- _Dataset entries_:
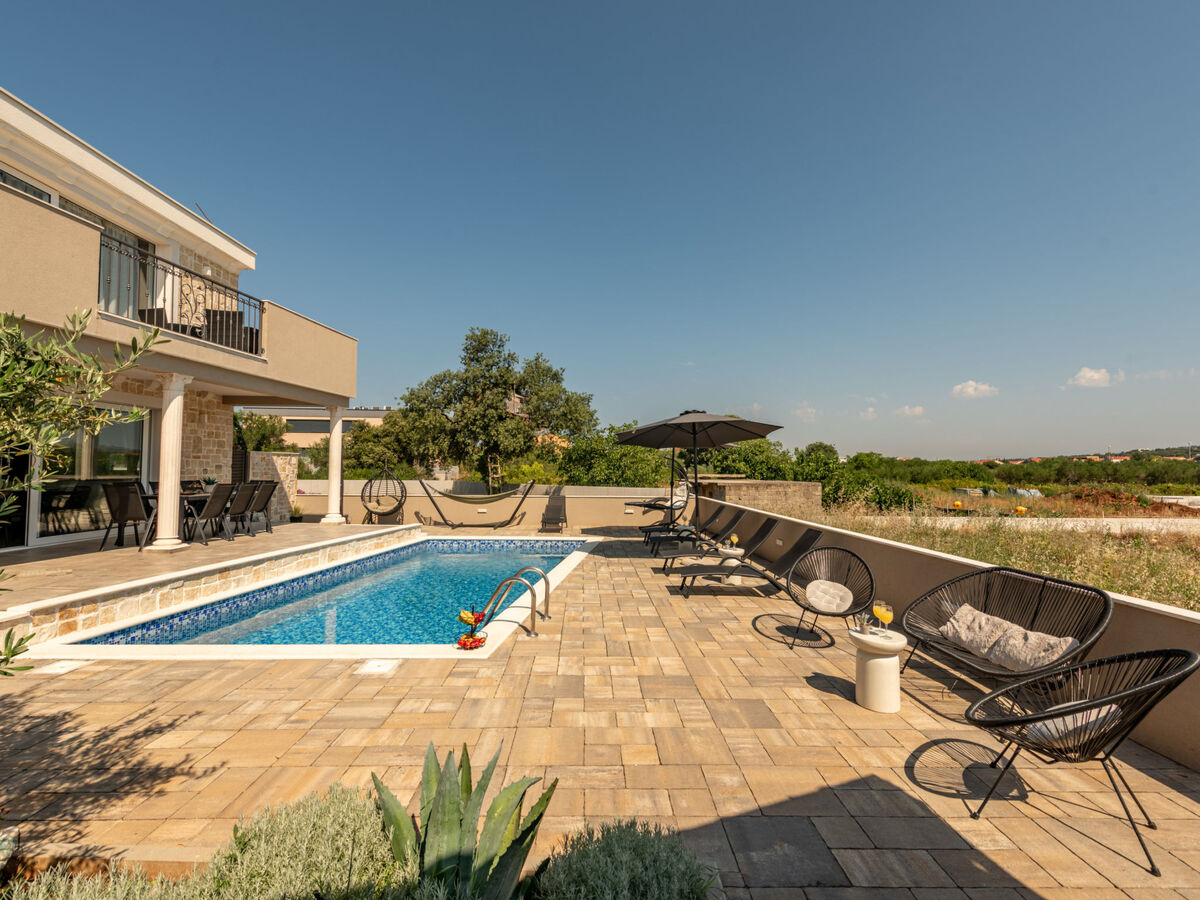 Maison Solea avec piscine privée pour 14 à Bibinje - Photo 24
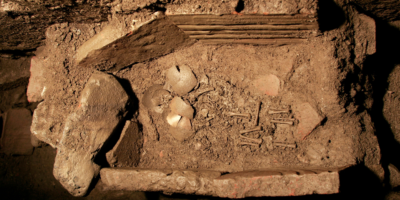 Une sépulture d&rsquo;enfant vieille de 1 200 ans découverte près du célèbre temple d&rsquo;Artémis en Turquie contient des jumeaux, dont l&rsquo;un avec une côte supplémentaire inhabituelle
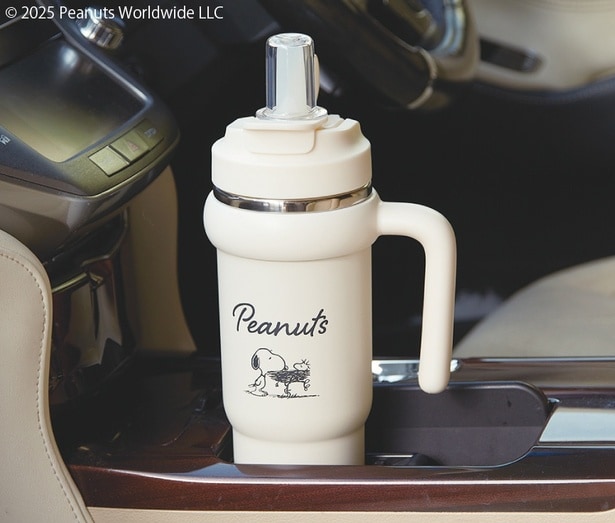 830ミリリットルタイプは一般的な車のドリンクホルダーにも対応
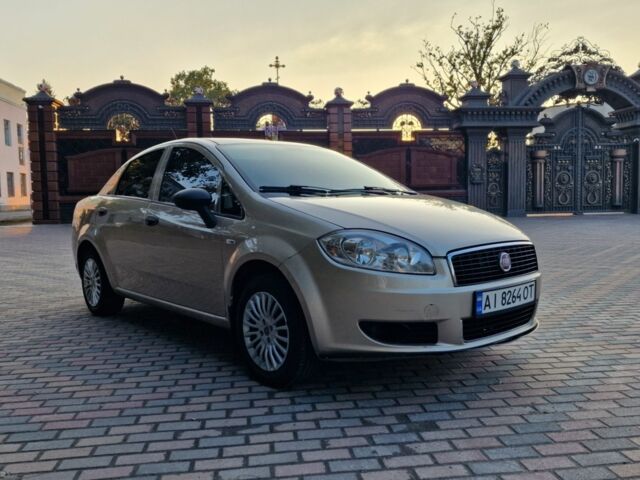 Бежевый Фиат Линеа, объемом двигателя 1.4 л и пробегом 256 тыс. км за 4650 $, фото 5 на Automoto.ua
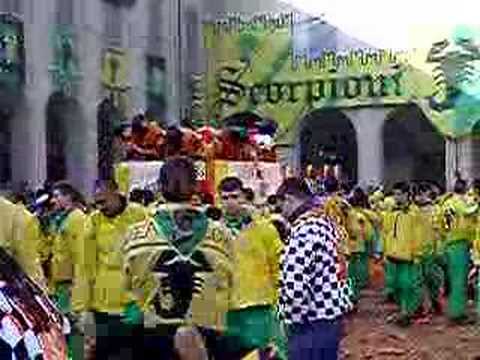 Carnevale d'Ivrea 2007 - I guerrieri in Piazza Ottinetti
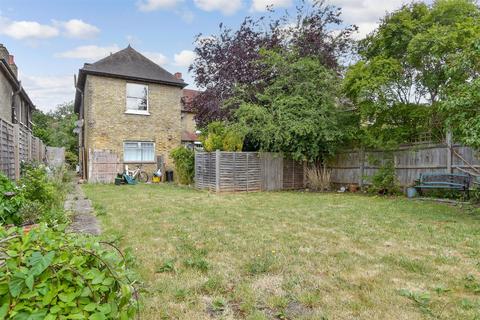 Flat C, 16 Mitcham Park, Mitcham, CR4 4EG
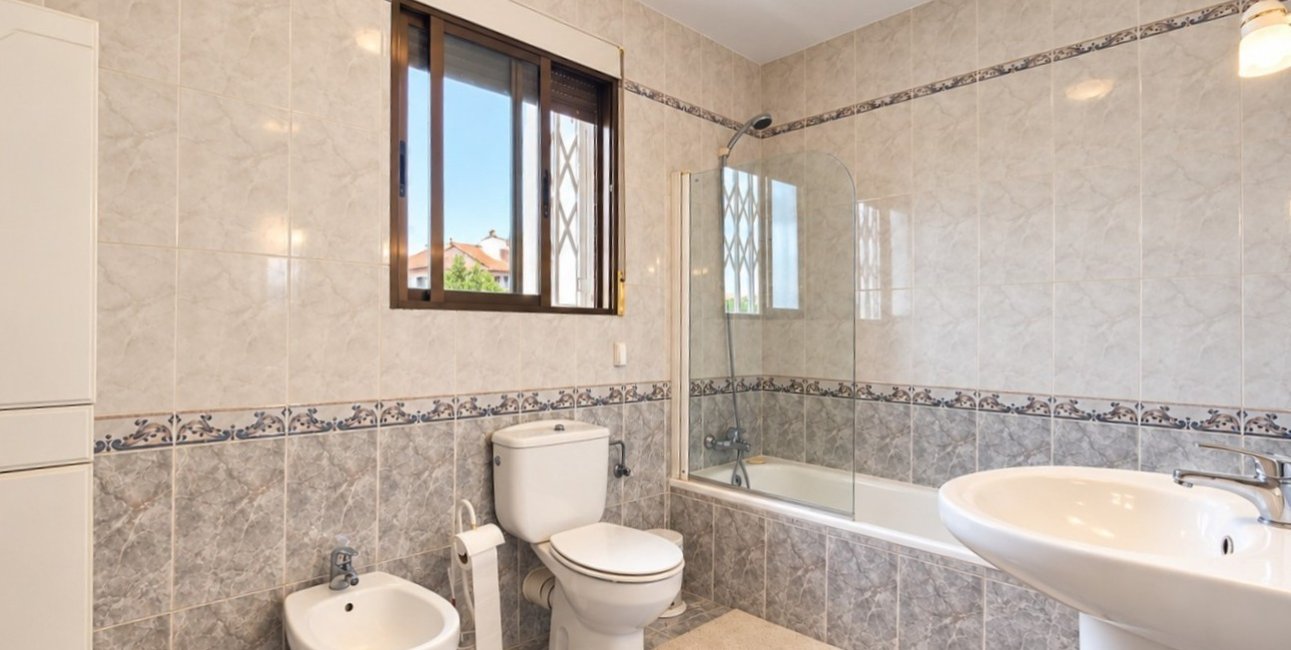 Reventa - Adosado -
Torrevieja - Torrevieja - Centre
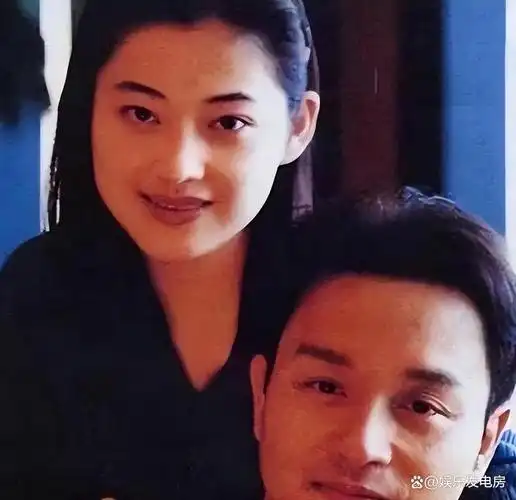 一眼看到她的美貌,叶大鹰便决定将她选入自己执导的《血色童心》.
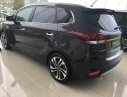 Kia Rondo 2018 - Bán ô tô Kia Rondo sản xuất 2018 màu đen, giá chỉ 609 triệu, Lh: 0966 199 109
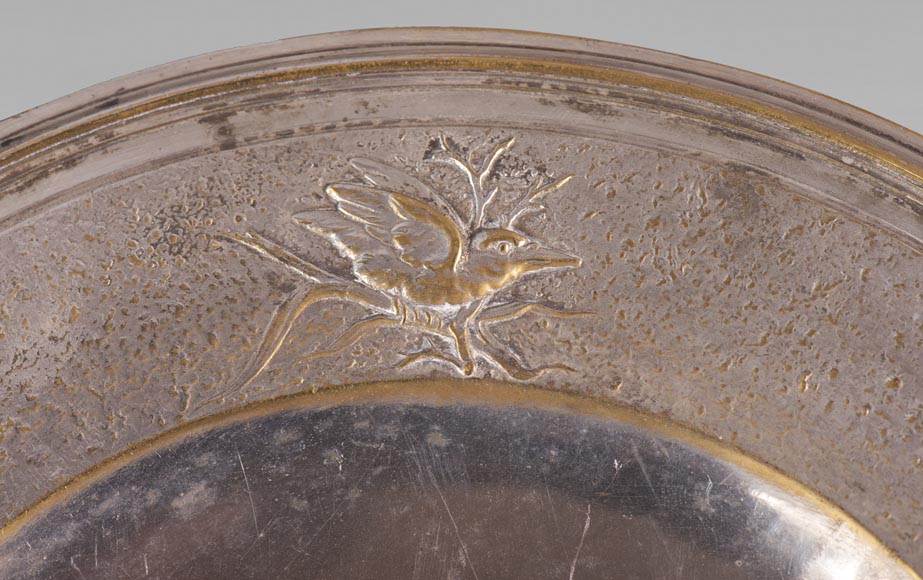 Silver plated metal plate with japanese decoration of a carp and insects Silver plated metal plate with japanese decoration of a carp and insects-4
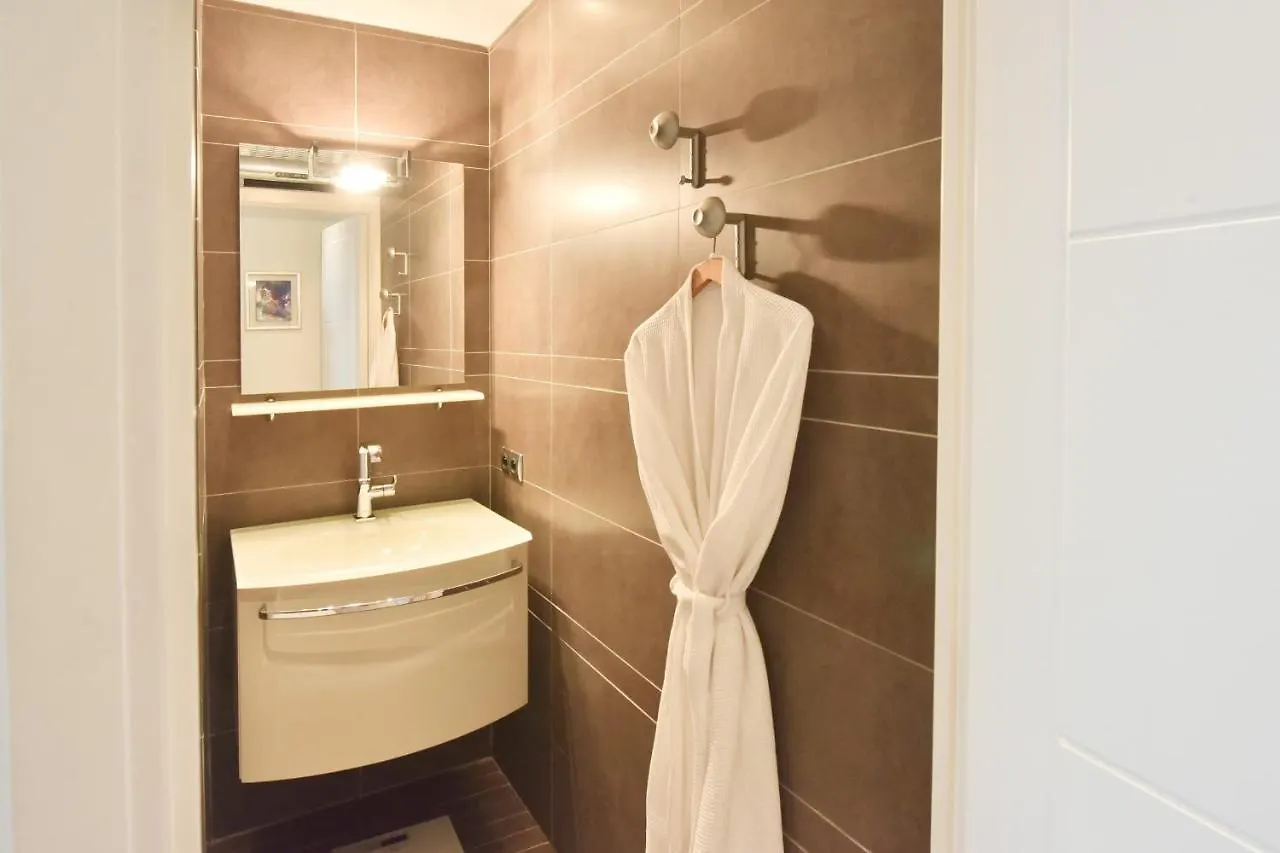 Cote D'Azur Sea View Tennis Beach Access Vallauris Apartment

- _What is being asked_: Skip the pictures, then write out every entry exactly.

- _Answer space_:
 Maison Solea avec piscine privée pour 14 à Bibinje - Photo 24
 Une sépulture d&rsquo;enfant vieille de 1 200 ans découverte près du célèbre temple d&rsquo;Artémis en Turquie contient des jumeaux, dont l&rsquo;un avec une côte supplémentaire inhabituelle
 830ミリリットルタイプは一般的な車のドリンクホルダーにも対応
 Бежевый Фиат Линеа, объемом двигателя 1.4 л и пробегом 256 тыс. км за 4650 $, фото 5 на Automoto.ua
 Carnevale d'Ivrea 2007 - I guerrieri in Piazza Ottinetti
 Flat C, 16 Mitcham Park, Mitcham, CR4 4EG
 Reventa - Adosado -
Torrevieja - Torrevieja - Centre
 一眼看到她的美貌,叶大鹰便决定将她选入自己执导的《血色童心》.
 Kia Rondo 2018 - Bán ô tô Kia Rondo sản xuất 2018 màu đen, giá chỉ 609 triệu, Lh: 0966 199 109
 Silver plated metal plate with japanese decoration of a carp and insects Silver plated metal plate with japanese decoration of a carp and insects-4
 Cote D'Azur Sea View Tennis Beach Access Vallauris Apartment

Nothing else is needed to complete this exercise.